The art of maximizing throughput with coroutines
Consider an array of 100 items, each of which require I/O to process. The goal is to process as many items in the array as possible in a unit of time (items/second = throughput).
With traditional threads (preemptive multitasking), one would use a thread pool that is easy to reason about; however, threads are expensive and few, and coding with mutexes is next level. With coroutines, the program must make due with one thread, aka cooperative multitasking.
How many coroutines should process this array? Launching 100 coroutines at once is wasteful because they consume memory and stress the scheduler and the garbage collector. Allocating memory and waiting on I/O reduces throughput. In fact, this approach can saturate the resource at the other end of the wire and it reduces the amount of memory available to the process to perform unrelated work (for example, to service another incoming REST request).
Another downside to scheduling 100 coroutines at once is error handling. A single error is usually enough to abort the processing of the entire array. When an error occurs, every coroutine represents wasted resources. Therefore, check the success of all finished coroutines before starting new ones. This can be done with a shared error variable. More complicated error handling requirements can easily consume most of your coding and testing budget.
Computers of course do not scale perfectly. Scalability is limited by shared resources such as memory and system I/O handles. External resources such as databases and REST services are similarity constrained. Successful engineers anticipate and work around these limits as best as possible.
The optimal number of parallel coroutines is often unintuitive. The degree of parallelism is dominated (in the sense of Big O notation) by the number of I/O waits in the item processor. If there is one wait, two coroutines will double the throughout compared to one. If there are two waits, three coroutines are almost guaranteed to increase the throughput noticeably. Additional numbers of coroutines beyond <I/O waits>+1 may provide only nominal benefits, depending on the capacity and throughput of the relevant systems.

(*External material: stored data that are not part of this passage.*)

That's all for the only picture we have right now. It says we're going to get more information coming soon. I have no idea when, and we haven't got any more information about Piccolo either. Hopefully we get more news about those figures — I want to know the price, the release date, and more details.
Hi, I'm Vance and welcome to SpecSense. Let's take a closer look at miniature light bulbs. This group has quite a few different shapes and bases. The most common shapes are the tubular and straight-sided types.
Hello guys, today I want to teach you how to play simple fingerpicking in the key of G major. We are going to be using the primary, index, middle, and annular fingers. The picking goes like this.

For example, reading from DynamoDb inside AWS’ network is so fast that a single-threaded program can barely queue up more than a few simultaneous requests at a time — perhaps at most 25. Are DynamoDb resources shared across a multiuser application? If so, a single job should not be too greedy.
Experiment with real environments in order to balance the many concerns of the ecosystem.

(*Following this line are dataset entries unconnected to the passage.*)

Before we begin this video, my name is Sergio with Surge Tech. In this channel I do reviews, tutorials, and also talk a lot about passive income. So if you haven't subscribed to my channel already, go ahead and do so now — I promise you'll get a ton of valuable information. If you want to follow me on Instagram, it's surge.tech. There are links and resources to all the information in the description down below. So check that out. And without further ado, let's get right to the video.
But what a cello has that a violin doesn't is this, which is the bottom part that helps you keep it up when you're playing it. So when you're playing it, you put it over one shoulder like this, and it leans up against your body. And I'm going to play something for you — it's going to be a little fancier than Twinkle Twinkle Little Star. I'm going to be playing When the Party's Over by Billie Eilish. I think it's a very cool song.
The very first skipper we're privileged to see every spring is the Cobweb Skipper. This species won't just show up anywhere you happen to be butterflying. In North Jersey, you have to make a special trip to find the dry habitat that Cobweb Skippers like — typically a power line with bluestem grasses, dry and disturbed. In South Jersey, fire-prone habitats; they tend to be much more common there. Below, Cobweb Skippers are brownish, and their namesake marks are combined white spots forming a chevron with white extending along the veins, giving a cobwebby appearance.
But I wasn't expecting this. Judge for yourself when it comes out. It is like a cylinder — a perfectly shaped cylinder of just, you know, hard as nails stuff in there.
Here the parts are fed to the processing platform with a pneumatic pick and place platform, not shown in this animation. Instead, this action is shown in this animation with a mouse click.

Programs that utilize coroutines for high-volume batch operations must conserve resources or suffer intermittent runtime failures, especially under load. This is accomplished by utilizing a limited number of coroutines via third-party libraries or custom logic. The latter is not recommended because rock-solid work queues are difficult to build. Error handling must be considered during the design phase.
Maximizing throughput is an art that depends on the specific task at hand and the nature of all relevant resources, local and remote. Discovering the best solution requires rigorous experimentation.